▶ Stored data
↓↓↓

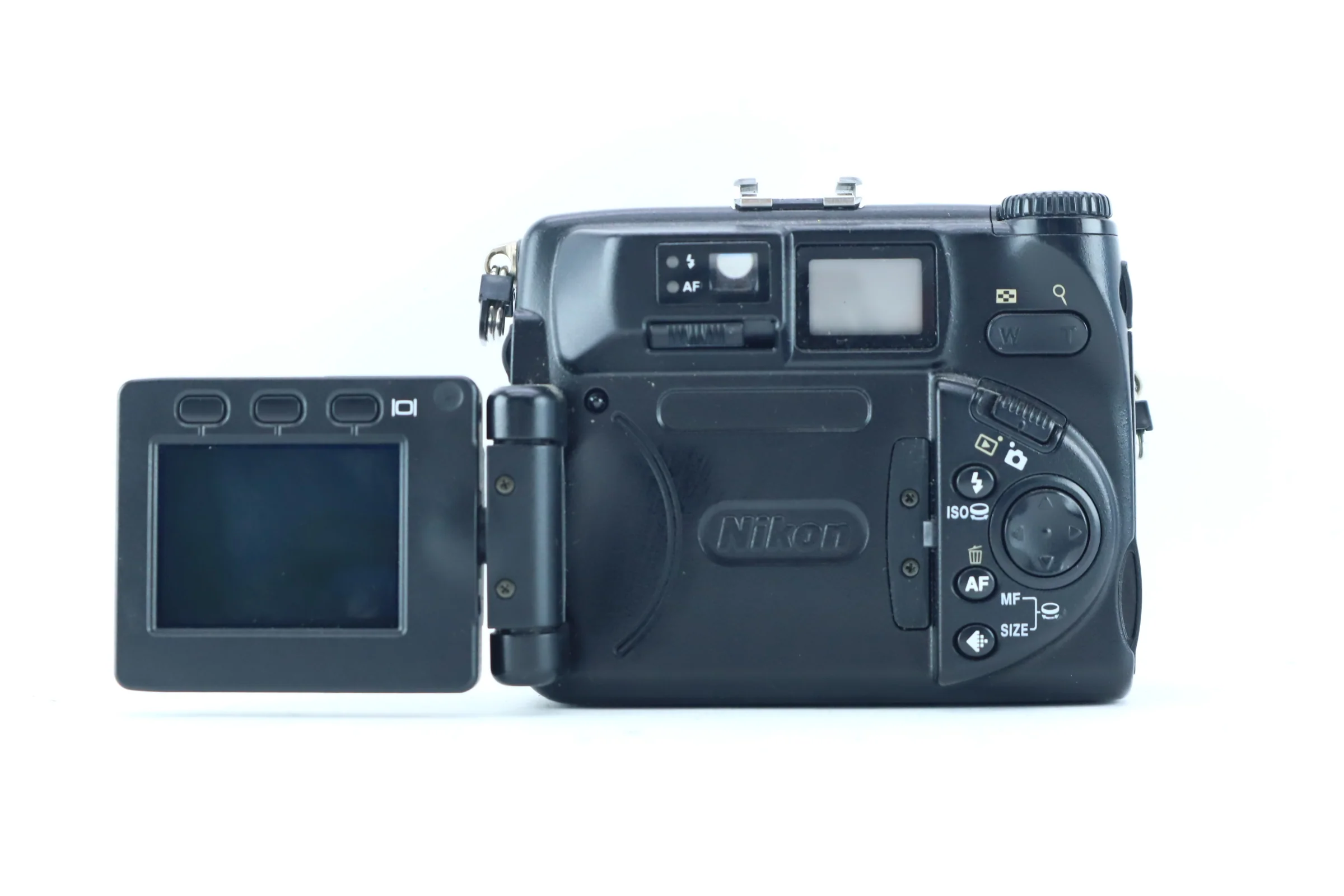 Nikon Coolpix 5000 with 28-85mm f/2.8-4.8 Zoom Nikkor - Image 4
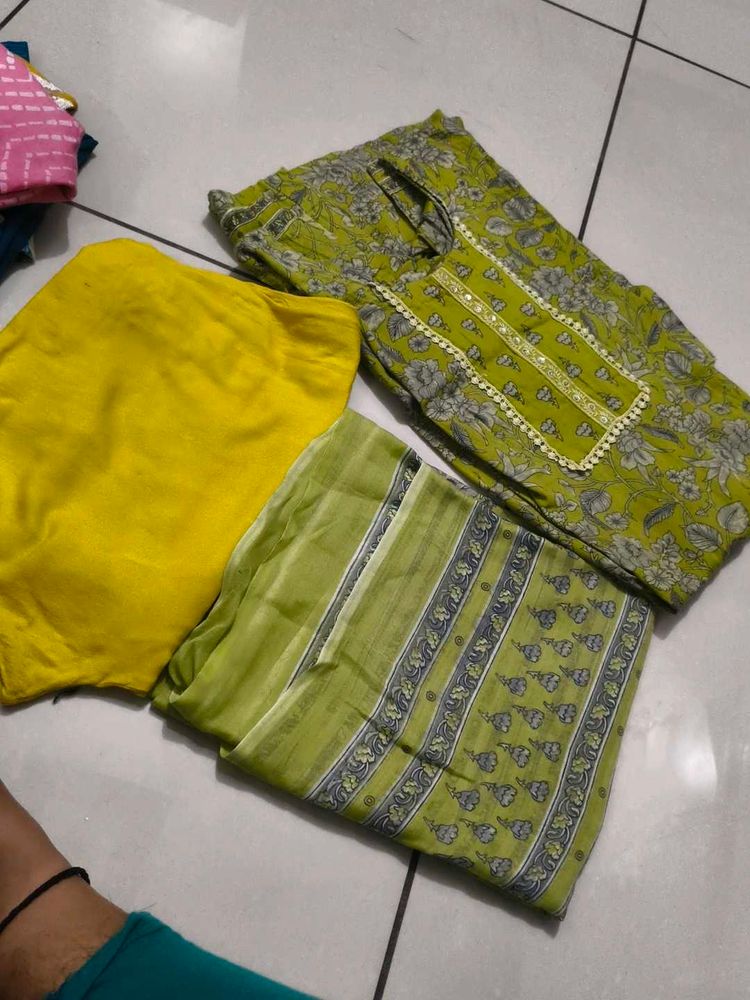Green Floral Kurta Set with Yellow Bottom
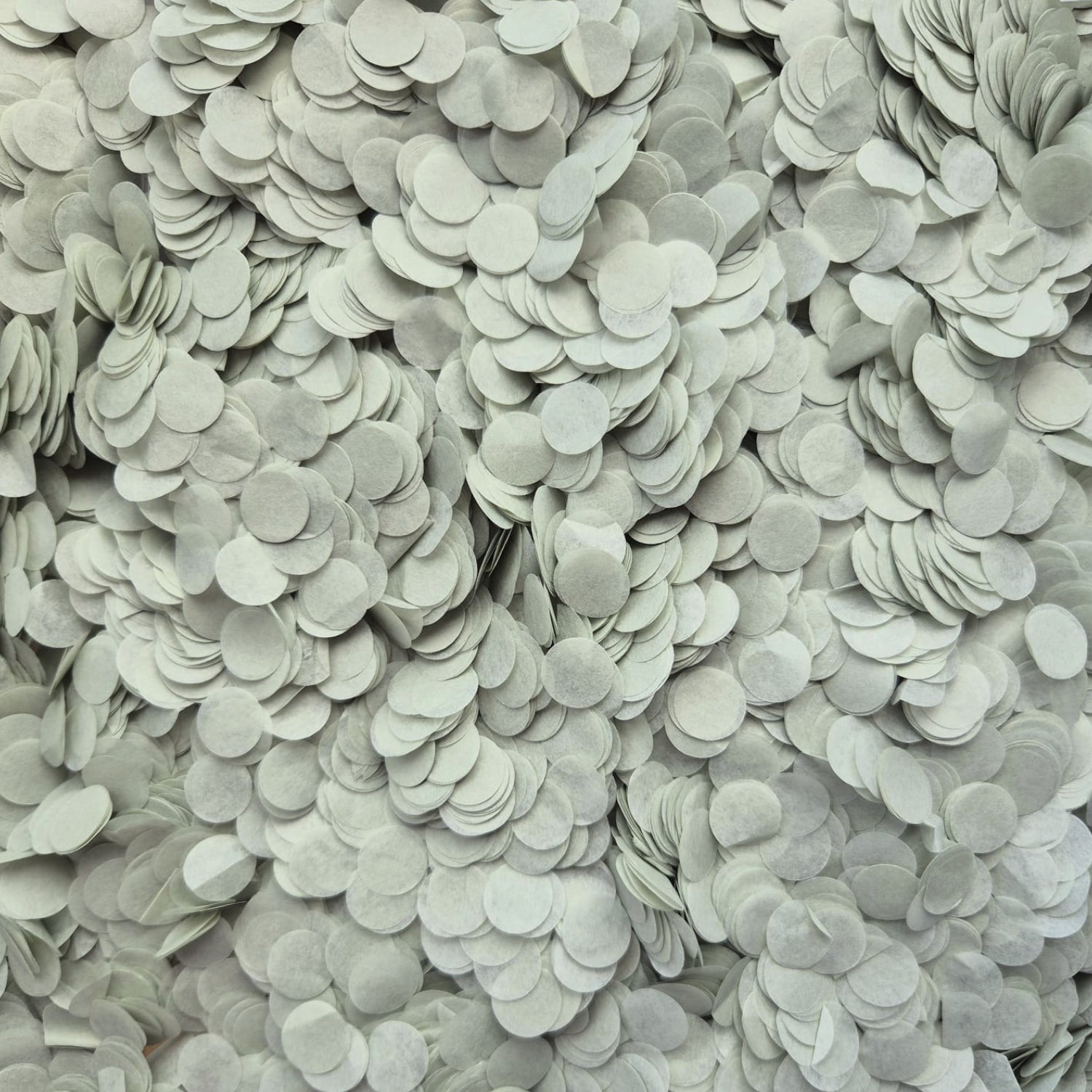 Biodegradable Paper Confetti - 1.5cm Circles - Light Sage Grey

↑↑↑

▶ The problem
In copying the material, drop all pictures and keep everything else identical.

▶ Completed exercise
 Nikon Coolpix 5000 with 28-85mm f/2.8-4.8 Zoom Nikkor - Image 4
Green Floral Kurta Set with Yellow Bottom
 Biodegradable Paper Confetti - 1.5cm Circles - Light Sage Grey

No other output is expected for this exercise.